Il est intéressant de noter que Nicolas Sarkozy s'est davantage adressé à l'Assemblée en tant que chef de l'Etat qui préside actuellement l'Union européenne que comme le président de la République française. C'est-à-dire en tant que chef de file de l'Europe, voire plus simplement en tant qu'Europe. L'Europe ne veut pas de guerre des civilisations ni de guerre froide: telle fut la teneur du coeur de son discours. C'est intéressant car il y avait longtemps que l'Europe ne s'était pas adressée au monde avec autant d'assurance et d'indépendance, tout du moins au niveau du style si ce n'est du contenu.

A la Russie, l'Europe a exprimé le souhait d'avoir avec elle des liens, qu'elle voulait "bâtir avec elle un avenir partagé", qu'elle voulait être son partenaire et créer un espace économique continental qui unirait la Russie et l'Europe. Même si cette Europe n'a pas manqué, non plus, de rappeler à Moscou qu'il ne saurait y avoir de compromis concernant les questions de souveraineté, d'indépendance et le respect du droit international.

L'Europe (et pas uniquement la France) s'est aussi adressée à l'Iran, à Israël, à l'Afghanistan, à l'Afrique et la Somalie. Tout cela, enfin, a fortement contrasté avec la rhétorique soporifique de George W. Bush. Bien qu'il ne faille pas oublier que l'éloquence de Nicolas Sarkozy dépasse ses possibilités réelles. Néanmoins ce "phénomène Europe" mérite tout de même le respect.

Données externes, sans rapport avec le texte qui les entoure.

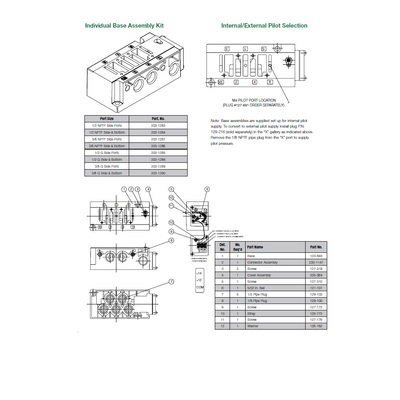 203-1313 NUMATICS/AVENTICS VALVE BASE<BR>2035 SERIES 3/8" NPT SIDE PORTS (3A/3C) W/56Y OPT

Ce duo des deux parties de l'espace euro-atlantique aurait déjà été à lui seul un bon début pour la 63e Assemblée générale, mais il ne faut pas oublier que le secrétaire général des Nations Unies (Ban Ki-moon en l'occurrence) est la première personne à ouvrir les débats au sommet. Et le duo s'est donc transformé en trio. Il a rappelé dans son allocution ce qu'était l'ONU et a fait remarquer que, dans le cas présent, des progrès dans les relations avaient fait surface au sein du monde occidental. L'ONU, ce sont 192 Etats qui, pour la plupart, rencontrent comme problème essentiel une triple crise, financière, énergétique et alimentaire. De même, d'ailleurs, que la "crise du leadership global". Ban Ki-moon a exposé les priorités avec compétence, mettant en première page la lutte contre le paludisme, l'aide à la lutte contre les fléaux naturels en seconde et, en troisième, "l'apaisement des tensions en Géorgie après le récent conflit". Et, enfin, proche de la fin, la réforme de l'Organisation elle-même, devenue elle aussi depuis longtemps une nécessité.

Au final, il en ressort un début très fort pour la nouvelle année de travail de l'Organisation des Nations Unies, qui n'évoque peut être pas un gouvernement mondial mais qui convient tout à fait pour son devoir de raison et de conscience collective (et en ébullition permanente).

Les opinions exprimées dans cet article sont laissées à la stricte responsabilité de l'auteur.